敷地内に十数個のホワイトキューブ(展示室)が分散し、サイコロを転がしたようにそれぞれバラバラな方向を向いています。
そして大きさもバラバラ。一つの展示室には一つの作品が設置されています。
つまり、作品の大きさに合わせて展示室が作られている作品本位の発想。
各展示室とも素晴らしい作品が展示されていますが、
街灯好きな私としては、Hans Op de Beeckの”Location (5)”がお気に入り。
この展示室はとても暗い。
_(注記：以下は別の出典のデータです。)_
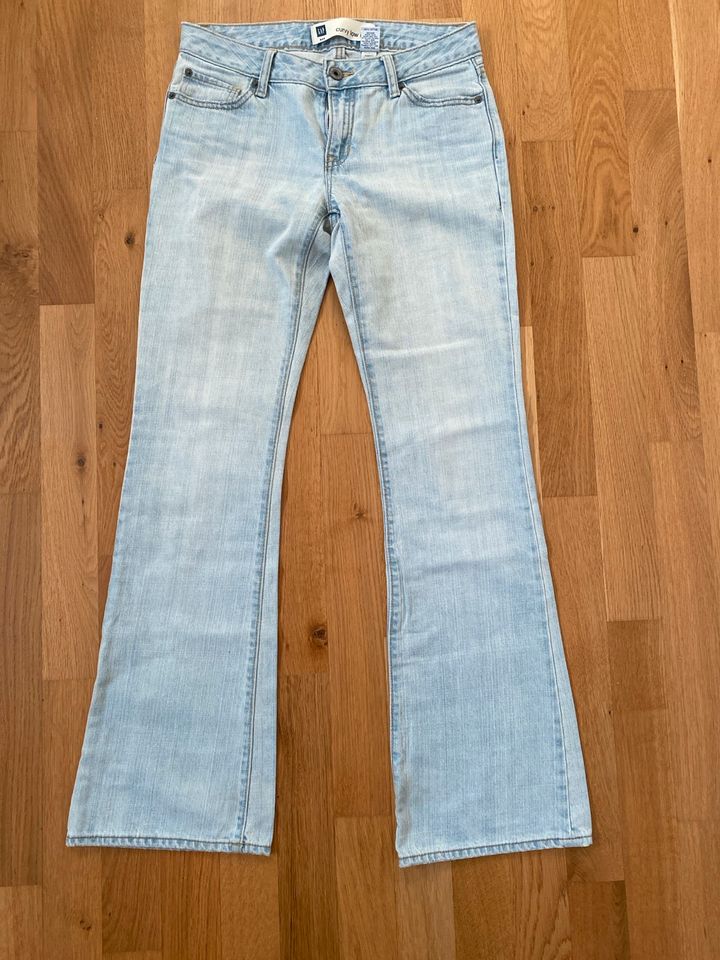 GAP - vintage low rise Jeans hellblau, leichter bootcut in Hohen Neuendorf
目が慣れてくると、どうやらファミレスのよう。
4人掛けの座席がいくつかあり、座って窓を見ると高速道路と道路を照らす街灯が彼方へ向かって走っています。
本当に道路があってずっと続いているように見えるのは、オレンジの街灯が点々と連なっているから。
やはり街灯がもつ意味は大きい。
Hans Op de BeeckのWeb siteに、この作品のスケッチが掲載されています。
道路部分のスペースがかなり大きく、傾斜をつけてあるといったイリュージョンを生む構造を知ることができます。
そして、道路はもちろんファミレスの座席や調度品も全て自作しています。
Ready-madeを使わないことで、fakeであることを主張しています。
ところが、暗く狭い空間の向こうに、彼方に続く高速道路が見えると、fakeであることがわかっていてもずっと見続けてしまう、それがこの作品の魅力です。
絵画的だとHans Op de Beeckは言います。
もう一つ展示室が独立しているならではの作品があります。
栗林隆さんの『ザンプランド』。この名称、ドイツ語で湿地帯を意味するそうです。
部屋の天井に穴が空いていて、そこから天井裏を覗く作品。
森美術館や札幌国際芸術祭でも、穴から覗く作品がありましたが、そのときは和紙でできた森の清廉な世界が広がっていました。
ここでは、湿地帯という名称の通り、天井裏には霧が立ち込め本物の湿地が創られています、この光景は想像していませんでした。霧や植物は、アート作品にとってはいわば天敵、この作品が設置できるのも部屋が独立しているからと言えるでしょう。
展示室に入った時に見える光景はとても静的なのに、見えない所で生命が息づいていて成長を続けています。
本質的なことは簡単には姿を見せてくれないのです。
覗いた時霧が直接顔にかからないようになっていますが、油断すると髪がビショビショになるので要注意!